Many contractors would do well to invest in scaffolding that they can bring to the jobsite with them, rather than trying to rent scaffolding for every project they take on. However, there are many types of scaffolding available for use on the jobsite, and not all of these systems and pieces will work as you might expect. Note a few quick tips on choosing the right scaffolding for your business, so you know the system you choose will be a good setup for the type of work you do.
Frame versus jack
A frame scaffolding is very commonly used, as it's built in several sections from the ground up; you can choose as many sections as you need for the height at which you work. This type of scaffolding is good for jobs that are typically done at a standard height, such as ceiling repair or replacing home windows. A frame scaffolding will have room inside the frame for a platform of sorts, and these are usually strong enough to hold several workers, along with heavy tools and equipment. Note that a frame scaffolding is typically quite deep, so it may not be a good fit for smaller work areas and tight spaces.
A jack scaffolding, like a car jack, will have a type of ratchet system that allows you to jack up the platform, even while you're standing on it. This is good for jobs that have varying heights, such as painting or stucco work. However, jack scaffoldings usually have much smaller and more lightweight platforms, so that they can be easily raised and lowered, so they may not work for larger crews and for managing heavier tools and equipment.
Suspended scaffolding is connected to ropes that attach to a motor, which is mounted on the roof of a building. This type of scaffolding is good for working at heights that cannot be reached easily with standard scaffolding, or for when the ground under the scaffolding is not secure enough to properly hold its frame.

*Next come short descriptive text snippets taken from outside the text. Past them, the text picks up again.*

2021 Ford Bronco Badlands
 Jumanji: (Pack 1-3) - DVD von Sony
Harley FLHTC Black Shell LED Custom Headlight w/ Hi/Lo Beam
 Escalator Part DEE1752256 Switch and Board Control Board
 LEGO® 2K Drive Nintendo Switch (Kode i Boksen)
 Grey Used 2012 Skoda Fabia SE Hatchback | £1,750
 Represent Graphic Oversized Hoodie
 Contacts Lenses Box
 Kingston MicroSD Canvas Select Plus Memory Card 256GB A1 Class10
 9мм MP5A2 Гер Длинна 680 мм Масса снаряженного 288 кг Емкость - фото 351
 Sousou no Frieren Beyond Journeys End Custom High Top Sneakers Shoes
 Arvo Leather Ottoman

As the name implies, mobile scaffolding is on castors or rollers, and is good for work that extends horizontally, rather than being at one set height. Ceiling repair work and electrical or lighting installation may require mobile scaffolding. Invest in a mobile scaffolding that has a motorized control, so you can actually drive the scaffolding around rather than having to manually move it from spot to spot, if you tend to work in very large areas and will need to move the scaffolding repeatedly throughout the day.